Ce vers, qui figure, selon une variante, dans le prologue du premier récit, montre bien que, pour Cao Xueqin (1715 ?-1763), Le Rêve dans le pavillon rouge est inséparable de sa personnalité et de son existence. Il définit son œuvre comme le résultat, « hors du commun, de dix années de labeur ».
Si, au dire de ses contemporains, Cao Xueqin était un génie multiforme, romancier, poète, peintre, calligraphe, joueur de cithare, chanteur et même acteur amateur, c'est à son roman que son nom doit de figurer parmi les plus illustres.
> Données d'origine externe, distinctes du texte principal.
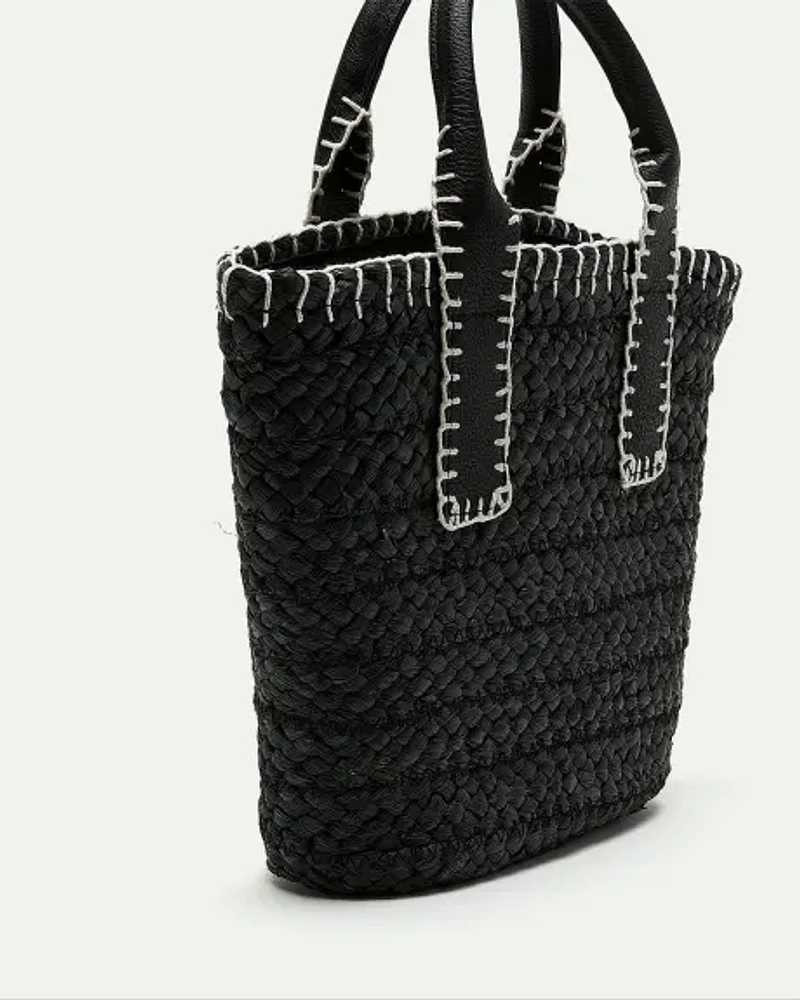 Straw Bag with Contrast Stitches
Écrit en pur dialecte de Pékin, Le Rêve dans le pavillon rouge, animé par ses quatre cent quarante-huit personnages parfaitement individualisés, avec ses multiples intrigues, trace une vaste fresque de la société chinoise au XVIIIe siècle. Le livre a pour thème central la décadence de la classe dirigeante et l'impossibilité pour elle de trouver des successeurs capables de faire face à la situation. Cette satire sociale est habilement dissimulée dans la trame du roman, qui dépeint la vie d'une famille aristocratique à son déclin, situation qu'a bien connue l'auteur.
Utilisant nombre d'éléments empruntés à l'histoire de sa famille et à son propre passé, Cao Xueqin ne crée pas moins une œuvre d'imagination. L'amour tragique de Jia Jade magique (le frérot Jade) et de Lin Jade sombre (la sœurette Lin) constitue l'épisode central du récit. Héritier d'une grande famille alliée à la maison impériale, adulé par sa grand-mère qui est une des figures marquantes de l'ouvrage, le frérot Jade
est un garçon rêveur, romanesque et précocement voluptueux. Son dégoût affiché pour les garçons ne l'empêche pas d'avoir des rapports homosexuels avec son camarade d'école Qin Cloche d'Or et avec le beau comédien Jiang Étui de Jade. Il n'est pas non plus insensible aux grâces féminines et se sent attiré par la beauté onctueuse de Grande Sœur Joyau, la vivacité de Brume de Rivière, le charme altier de la jeune prieure Jade mystique, sans parler de son intimité plus ou moins grande avec ses nombreuses soubrettes. Pourtant, sa préférée reste la sœurette Lin, une cousine du côté paternel, orpheline. Élevés ensemble dès leur petite enfance, tous deux se ressemblent par
le caractère, les goûts, les aspirations. Ils s'éprennent l'un de l'autre sans oser se le déclarer ouvertement. Imprégnés de préceptes confucéens, ils souhaitent secrètement que leur vœu de s'unir soit exaucé par les parents du jeune homme. Hélas! il n'en est rien. Pour le soustraire à l'influence de la sœurette Lin, jugée néfaste, la mère du frérot Jade décide de le marier à sa propre nièce Grande Sœur Joyau, en usant d'un subterfuge pour forcer le consentement du frérot Jade. La sœurette Lin meurt, désespérée, le jour même du mariage de son cousin ; quant à lui, ayant découvert trop tard la supercherie, il quitte la maison paternelle pour se faire moine.